### SOURCE DATA
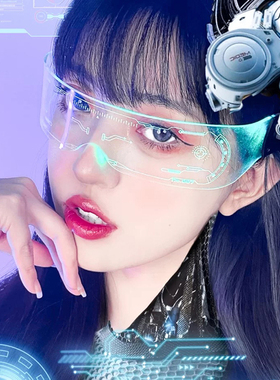 抖音发光墨镜赛博朋克INS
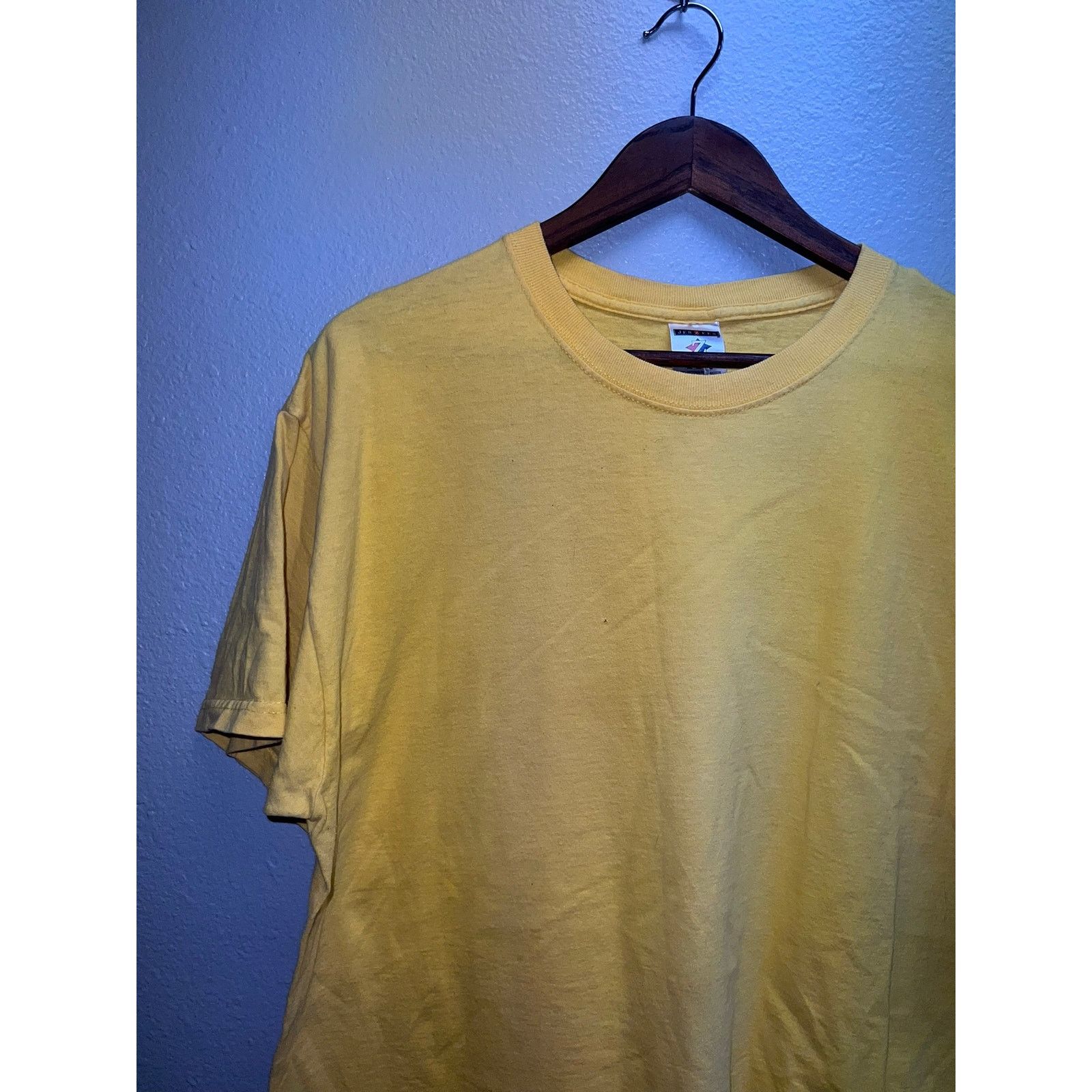 Jerzees Y2K Jerzees Heavyweight Cotton Yellow Blank Shirt XL Size US XL / EU 56 / 4 - 3 Thumbnail
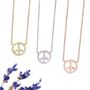 Peace Necklace Rose Or Gold Plated 925 Silver, thumbnail 3 of 7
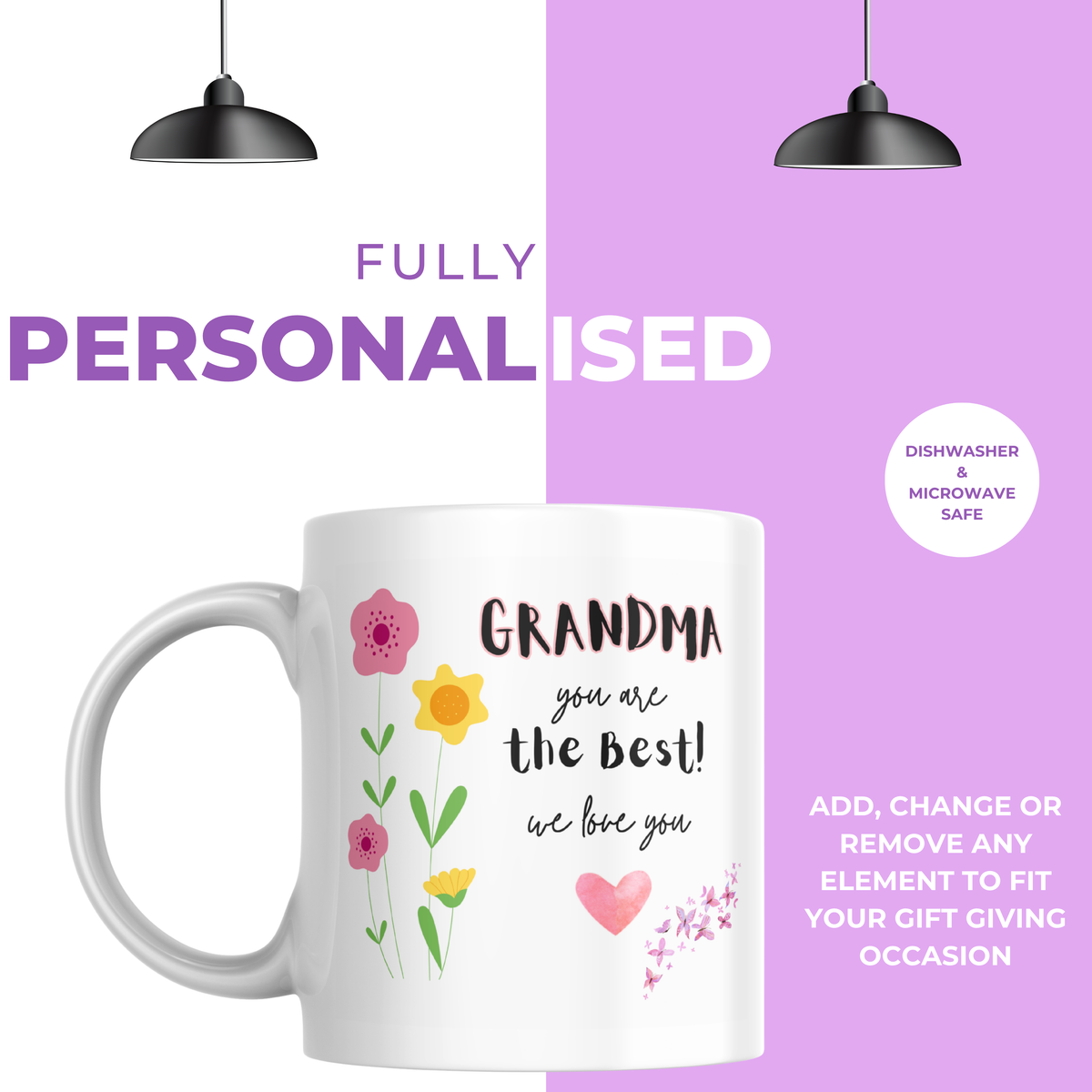 Grandma You Are the Best Mug – personalisation information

### EXERCISE GOAL
Pictures aside, return all of the material exactly as written.

### OUTPUT OF THE EXERCISE
 抖音发光墨镜赛博朋克INS
 Jerzees Y2K Jerzees Heavyweight Cotton Yellow Blank Shirt XL Size US XL / EU 56 / 4 - 3 Thumbnail
 Peace Necklace Rose Or Gold Plated 925 Silver, thumbnail 3 of 7
 Grandma You Are the Best Mug – personalisation information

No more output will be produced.